### [WORK ITEM]
Exactly and without additions, transcribe the line that contains "喜報(bào)！國(gu" and every line after it in the data.

### [RECORDS FOR THE EXERCISE]
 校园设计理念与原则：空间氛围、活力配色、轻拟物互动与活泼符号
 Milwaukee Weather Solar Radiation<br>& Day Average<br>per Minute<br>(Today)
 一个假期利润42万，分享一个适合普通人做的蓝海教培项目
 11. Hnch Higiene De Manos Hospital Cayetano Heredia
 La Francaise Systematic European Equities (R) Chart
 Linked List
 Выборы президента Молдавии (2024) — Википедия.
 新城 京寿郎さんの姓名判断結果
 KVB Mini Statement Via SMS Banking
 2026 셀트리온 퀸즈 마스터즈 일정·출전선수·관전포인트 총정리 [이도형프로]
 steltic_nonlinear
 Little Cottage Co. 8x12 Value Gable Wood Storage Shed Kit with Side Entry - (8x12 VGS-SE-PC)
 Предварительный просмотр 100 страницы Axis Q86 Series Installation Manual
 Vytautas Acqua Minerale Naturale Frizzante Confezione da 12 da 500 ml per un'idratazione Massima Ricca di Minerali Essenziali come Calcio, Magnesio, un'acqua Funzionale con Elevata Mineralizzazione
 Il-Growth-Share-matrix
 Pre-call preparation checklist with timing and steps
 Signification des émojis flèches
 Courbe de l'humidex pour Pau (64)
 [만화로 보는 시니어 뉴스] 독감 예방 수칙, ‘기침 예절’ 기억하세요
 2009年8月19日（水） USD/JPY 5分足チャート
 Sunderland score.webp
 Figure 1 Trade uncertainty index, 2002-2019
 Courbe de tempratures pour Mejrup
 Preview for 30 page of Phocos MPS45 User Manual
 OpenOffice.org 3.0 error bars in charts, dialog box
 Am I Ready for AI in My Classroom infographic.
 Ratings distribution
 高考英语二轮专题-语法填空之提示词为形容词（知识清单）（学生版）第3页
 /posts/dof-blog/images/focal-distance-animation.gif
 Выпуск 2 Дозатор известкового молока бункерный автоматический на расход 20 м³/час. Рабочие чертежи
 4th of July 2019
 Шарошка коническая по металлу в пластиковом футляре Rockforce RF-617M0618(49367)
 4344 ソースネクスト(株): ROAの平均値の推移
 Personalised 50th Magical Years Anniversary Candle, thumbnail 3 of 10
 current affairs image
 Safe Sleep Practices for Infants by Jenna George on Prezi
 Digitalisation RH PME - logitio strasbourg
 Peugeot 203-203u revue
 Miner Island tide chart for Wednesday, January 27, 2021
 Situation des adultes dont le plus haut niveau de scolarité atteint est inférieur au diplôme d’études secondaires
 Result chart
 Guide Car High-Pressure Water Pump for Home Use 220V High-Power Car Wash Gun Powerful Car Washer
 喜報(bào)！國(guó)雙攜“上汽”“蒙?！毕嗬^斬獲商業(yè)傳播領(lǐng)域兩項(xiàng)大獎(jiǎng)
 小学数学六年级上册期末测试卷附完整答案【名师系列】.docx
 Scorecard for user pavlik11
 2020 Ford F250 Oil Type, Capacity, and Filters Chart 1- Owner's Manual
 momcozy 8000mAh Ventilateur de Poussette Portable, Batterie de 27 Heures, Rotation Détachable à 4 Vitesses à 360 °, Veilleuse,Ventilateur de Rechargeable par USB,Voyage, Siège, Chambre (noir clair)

### [ANSWER FOR THE TASK]
 喜報(bào)！國(guó)雙攜“上汽”“蒙?！毕嗬^斬獲商業(yè)傳播領(lǐng)域兩項(xiàng)大獎(jiǎng)
 小学数学六年级上册期末测试卷附完整答案【名师系列】.docx
 Scorecard for user pavlik11
 2020 Ford F250 Oil Type, Capacity, and Filters Chart 1- Owner's Manual
 momcozy 8000mAh Ventilateur de Poussette Portable, Batterie de 27 Heures, Rotation Détachable à 4 Vitesses à 360 °, Veilleuse,Ventilateur de Rechargeable par USB,Voyage, Siège, Chambre (noir clair)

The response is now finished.